Supplied records:
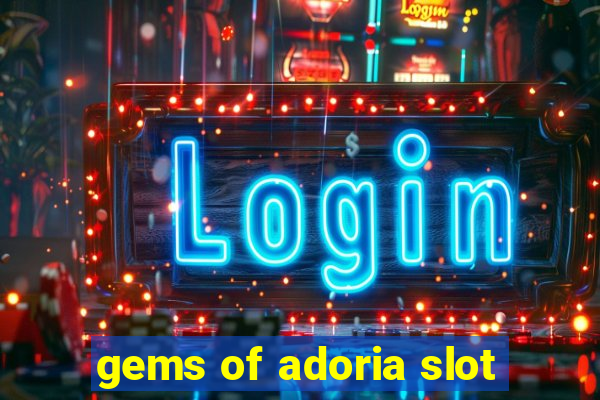 gems of adoria slot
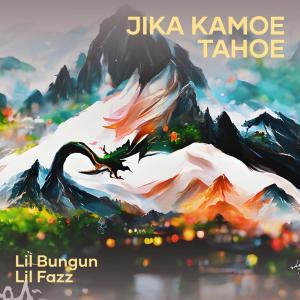 收听lil bungun的Jika Kamoe Tahoe歌词歌曲
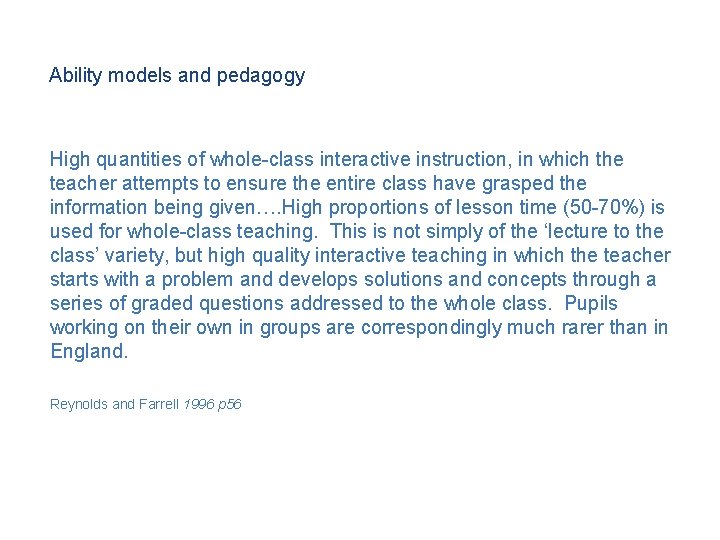 Ability models and pedagogy High quantities of whole-class interactive instruction, in which the teacher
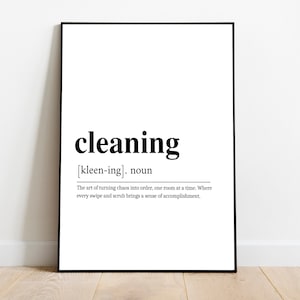 Cleaning Definition Printable, Cleaning Art, Cleaning Quote Print, Cleaning wall art, Cleaning Definition Gifts, Digital Download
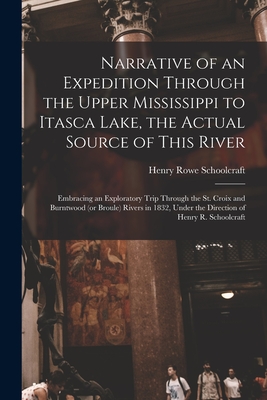 Narrative of an Expedition Through the Upper Mississippi to Itasca Lake, the Actual Source of This River [microform]: Embracing an Exploratory Trip Through the St. Croix and Burntwood (or Broule) Rivers in 1832, Under the Direction of Henry R.... - Schoolcraft, Henry Rowe 1793-1864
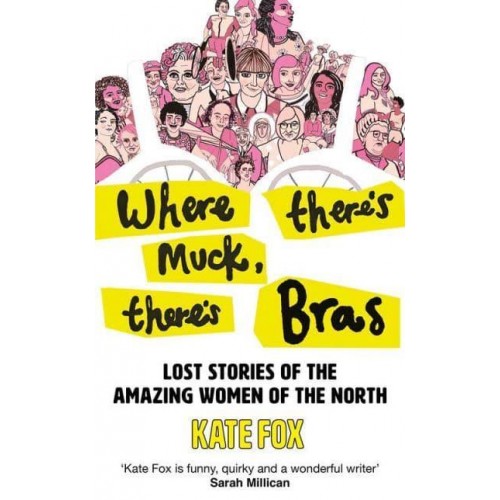 Where There's Muck, There's Bras Lost Stories of the Amazing Women of the North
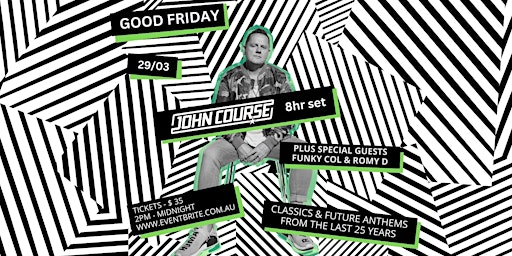 Imagem principal do evento John Course - Annual 8 Hour Good Friday party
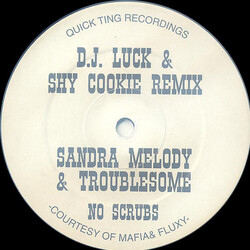 Sandra Melody / Troublesome No Scrubs (D.J. Luck & Shy Cookie Remix) USED VINYL 12INCH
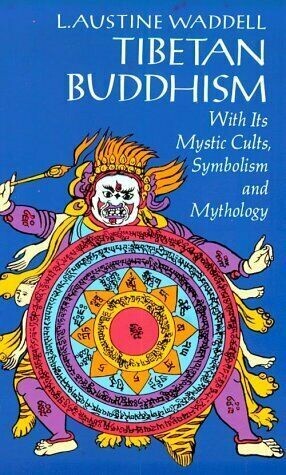 Tibetan Buddhism with its Mystic Cults, Symbolism and Mythology* (Waddell)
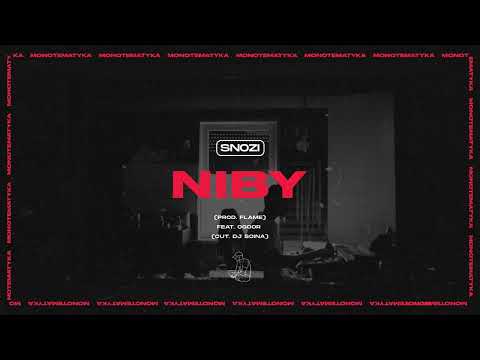 SnozI - Niby feat. Ogoor (prod. Flame & cut. Dj Soina) / 2022 MONOTEMATYKA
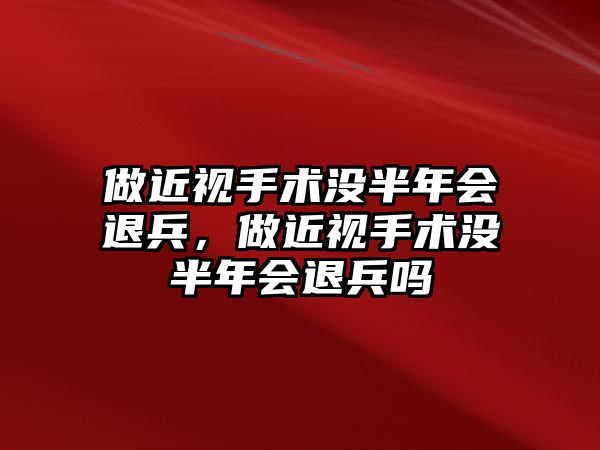 做近視手術沒半年會退兵，做近視手術沒半年會退兵嗎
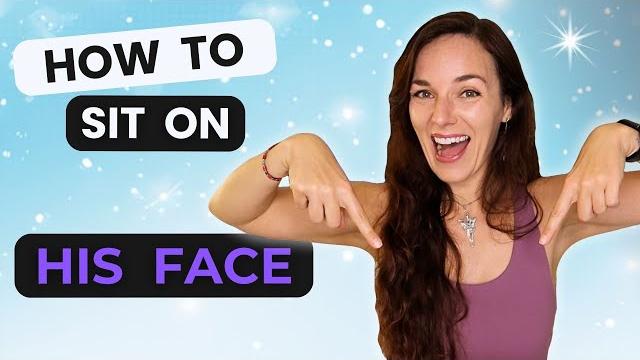 How to sit on his face | face sitting secrets revealed How to sit on his face | face sitting secrets revealed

Problem requirements:
Exactly the lines from the line with "Where There's Muck, There's" through the last line of the listing, both included, should be extracted, and the pictures left behind.

Response below:
 Where There's Muck, There's Bras Lost Stories of the Amazing Women of the North
 Imagem principal do evento John Course - Annual 8 Hour Good Friday party
 Sandra Melody / Troublesome No Scrubs (D.J. Luck & Shy Cookie Remix) USED VINYL 12INCH
 Tibetan Buddhism with its Mystic Cults, Symbolism and Mythology* (Waddell)
 SnozI - Niby feat. Ogoor (prod. Flame & cut. Dj Soina) / 2022 MONOTEMATYKA
 做近視手術沒半年會退兵，做近視手術沒半年會退兵嗎
 How to sit on his face | face sitting secrets revealed How to sit on his face | face sitting secrets revealed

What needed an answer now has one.